Around 575 jobs will be lost when the facility outside Waterford city closes – the entire workforce. The company said the complex was being shuttered as jobs have been outsourced to other countries.
The minister will also meet with local business and political representatives, as the government searches for a way to alleviate the effect of the job cuts.
Workers have also spoken of their anger at how they travelled abroad to train staff who will now be taking over their jobs. Paul O’Brien said he had made a number of trips to Preston in the UK, to train employees there.
At the time, he had no idea the Waterford facility would be closing. “We were told that it was in case we got busy, that they would be a backup,” he said. “But all along we were training them to take our jobs.”
Mr O’Brien said he believed company managers had planned to close the Waterford complex for some time. “It was a decision they made, to close the Waterford facility”, he told RTÉ’s Marian Finucane. “Once all the guys in Preston had been trained up on our jobs, they closed Waterford.”

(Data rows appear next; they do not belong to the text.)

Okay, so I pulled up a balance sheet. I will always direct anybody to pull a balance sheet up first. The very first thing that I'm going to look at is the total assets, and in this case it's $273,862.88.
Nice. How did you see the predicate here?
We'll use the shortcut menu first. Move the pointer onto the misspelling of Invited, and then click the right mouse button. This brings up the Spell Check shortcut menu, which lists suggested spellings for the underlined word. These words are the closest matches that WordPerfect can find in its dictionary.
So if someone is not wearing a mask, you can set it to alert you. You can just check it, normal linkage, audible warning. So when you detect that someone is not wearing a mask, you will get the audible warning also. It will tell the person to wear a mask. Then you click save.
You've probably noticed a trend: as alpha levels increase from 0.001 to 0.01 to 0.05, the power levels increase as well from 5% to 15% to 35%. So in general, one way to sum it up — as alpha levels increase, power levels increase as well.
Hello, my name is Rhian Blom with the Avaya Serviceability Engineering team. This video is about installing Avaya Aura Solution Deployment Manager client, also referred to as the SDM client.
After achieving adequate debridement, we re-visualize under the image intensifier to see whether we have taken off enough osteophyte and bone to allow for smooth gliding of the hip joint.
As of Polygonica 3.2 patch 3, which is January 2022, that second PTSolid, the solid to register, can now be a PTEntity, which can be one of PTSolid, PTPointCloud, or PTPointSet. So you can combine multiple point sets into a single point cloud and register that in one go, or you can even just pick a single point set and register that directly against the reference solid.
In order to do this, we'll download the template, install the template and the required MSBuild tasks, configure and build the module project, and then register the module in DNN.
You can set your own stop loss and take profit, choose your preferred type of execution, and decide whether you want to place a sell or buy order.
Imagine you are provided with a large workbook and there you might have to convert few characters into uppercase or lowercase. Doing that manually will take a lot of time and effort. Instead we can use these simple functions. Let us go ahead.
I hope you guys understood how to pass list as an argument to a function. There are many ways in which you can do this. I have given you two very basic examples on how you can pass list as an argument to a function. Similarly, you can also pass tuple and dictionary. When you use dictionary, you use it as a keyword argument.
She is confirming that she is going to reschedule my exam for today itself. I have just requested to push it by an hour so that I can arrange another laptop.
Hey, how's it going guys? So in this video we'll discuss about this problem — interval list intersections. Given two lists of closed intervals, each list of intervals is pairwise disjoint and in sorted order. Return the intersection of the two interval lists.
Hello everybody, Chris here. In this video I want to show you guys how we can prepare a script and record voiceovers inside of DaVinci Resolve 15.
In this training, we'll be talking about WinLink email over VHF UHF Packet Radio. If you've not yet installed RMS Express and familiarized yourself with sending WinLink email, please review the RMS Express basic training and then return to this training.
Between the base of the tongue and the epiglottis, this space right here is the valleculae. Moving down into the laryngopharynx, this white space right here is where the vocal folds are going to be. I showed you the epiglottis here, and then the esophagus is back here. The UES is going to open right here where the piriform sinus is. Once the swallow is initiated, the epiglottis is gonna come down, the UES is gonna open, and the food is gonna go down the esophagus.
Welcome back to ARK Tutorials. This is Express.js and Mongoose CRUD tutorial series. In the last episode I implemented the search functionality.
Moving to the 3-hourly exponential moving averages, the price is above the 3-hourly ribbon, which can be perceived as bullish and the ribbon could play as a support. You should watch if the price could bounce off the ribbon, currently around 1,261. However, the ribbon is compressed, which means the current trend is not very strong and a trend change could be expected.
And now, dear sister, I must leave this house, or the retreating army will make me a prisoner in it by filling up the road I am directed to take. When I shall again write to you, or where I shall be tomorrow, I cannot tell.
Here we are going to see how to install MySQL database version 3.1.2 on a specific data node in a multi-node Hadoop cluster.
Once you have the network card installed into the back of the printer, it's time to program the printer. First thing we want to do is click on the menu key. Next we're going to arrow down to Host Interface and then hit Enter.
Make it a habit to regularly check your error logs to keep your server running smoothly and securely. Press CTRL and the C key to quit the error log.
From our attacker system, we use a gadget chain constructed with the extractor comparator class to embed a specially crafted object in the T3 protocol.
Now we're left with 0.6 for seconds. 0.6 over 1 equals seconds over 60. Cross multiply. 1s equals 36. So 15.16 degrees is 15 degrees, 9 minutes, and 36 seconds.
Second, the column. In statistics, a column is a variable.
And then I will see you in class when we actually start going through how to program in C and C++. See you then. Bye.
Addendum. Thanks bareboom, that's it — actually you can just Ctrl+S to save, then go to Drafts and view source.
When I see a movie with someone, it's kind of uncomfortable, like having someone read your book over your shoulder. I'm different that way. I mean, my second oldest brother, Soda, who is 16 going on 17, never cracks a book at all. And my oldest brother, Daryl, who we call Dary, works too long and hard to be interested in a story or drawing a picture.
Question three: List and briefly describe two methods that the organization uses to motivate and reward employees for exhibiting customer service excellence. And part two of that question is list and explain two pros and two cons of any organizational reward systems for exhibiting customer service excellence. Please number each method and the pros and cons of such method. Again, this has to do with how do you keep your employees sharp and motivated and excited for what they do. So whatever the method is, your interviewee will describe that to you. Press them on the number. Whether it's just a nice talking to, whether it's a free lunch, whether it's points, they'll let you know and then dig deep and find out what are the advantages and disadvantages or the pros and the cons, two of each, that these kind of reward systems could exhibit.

Mervyn Marsh also described how he had travelled on lavish all-expenses-paid trips to India while working for Talk Talk, with a “blank cheque book” and staying in “six or seven-star hotels”.
It later emerged that these trips were also to train workers who would take over jobs from Waterford. “It was the trip of a lifetime,” he said. “It will stay with me for the rest of my life, but it will also haunt me.”
Last week, recordings emerged of the meeting at which the closure was announced. Staff were told that they had “done a fantastic job”, and the closure was “not about their performance”. They will finish work on October 7.
Meanwhile, details have emerged of the lavish party the company held in Manchester for its UK and Ireland staff over the weekend. Some 350 workers at the Waterford facility had signed up to travel to the UK, but it is thought that only a few were planning to attend after the redundancies were announced.
The event featured a day of activities and free food and drink for hundreds of staff, and an evening concert headlined by rapper Tinchy Stryder.
Speaking to Marian Finucane, one staff member expressed scepticism about the minister’s visit. He said:
Richard Bruton is coming down on Monday but what’s he going to do? And all these promises before they got elected. Just look around at the region, Wexford, Tipperary, Kilkenny – there’s nothing around. I don’t see any choice except leaving the country.